[AccessD] Number vs text data type

CYNTHIA SPELL CSPELL at jhuccp.org
Thu Oct 16 07:32:00 CDT 2003


>From the original poster...  

Wow, that was a little (lot??!) more than I expected!    

The Budget Number field we use is really an identifier, not a value.  (Perhaps that "old school" notion of using text unless an actual calculation must be performed was not so far off.)  In any event, while speed and storage space should always be considered, the field is an organizational format and it's quite possible that it could change.  So you've given me something to think about.

Thank you all for your responses.  They were most interesting and informative, as usual...

- cindy

>>> john at winhaven.net 10/15/03 11:39PM >>>
LOL!

Actually, I really appreciate these adventures in theory - although I would
imagine by now the original poster of this thread no longer cares!
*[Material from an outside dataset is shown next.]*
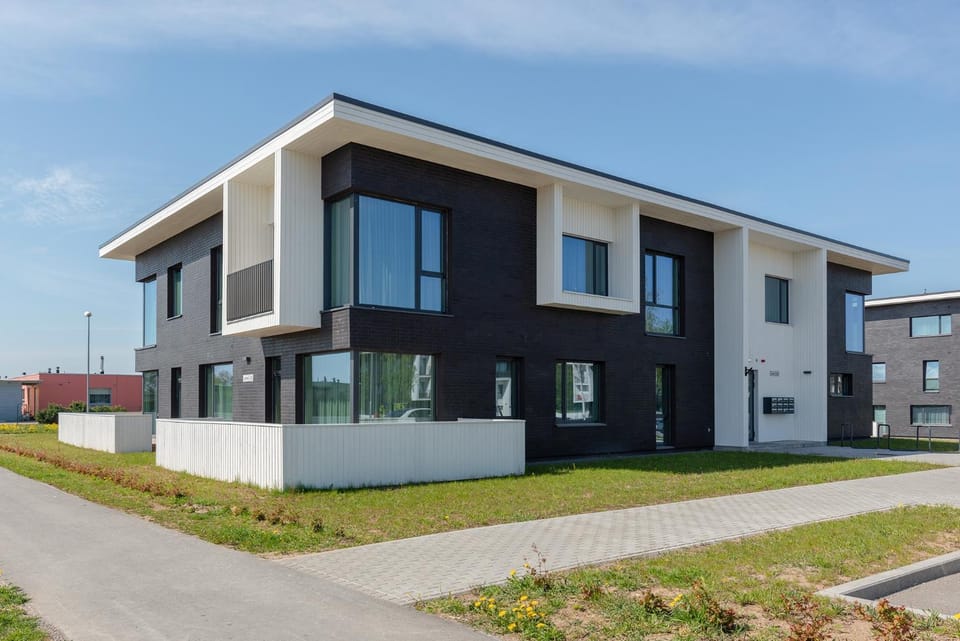 Property building, Day, Balcony/Terrace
Although
most of these issues have no right or wrong, every now and again I do change
my outlook on an issue because of these threads. (I did it with regards to
RVBA a few a years ago.)

This thread has me re-thinking my guideline on how to type data. I've
appended the following exception:
Type data field by the data's purpose.
Numerical Type for numbers that are numerical values;
Text Type for numbers that are item identifiers;
Exception: if performance is an extremely important issue, then consider
storing numerical strings in a numerically typed field.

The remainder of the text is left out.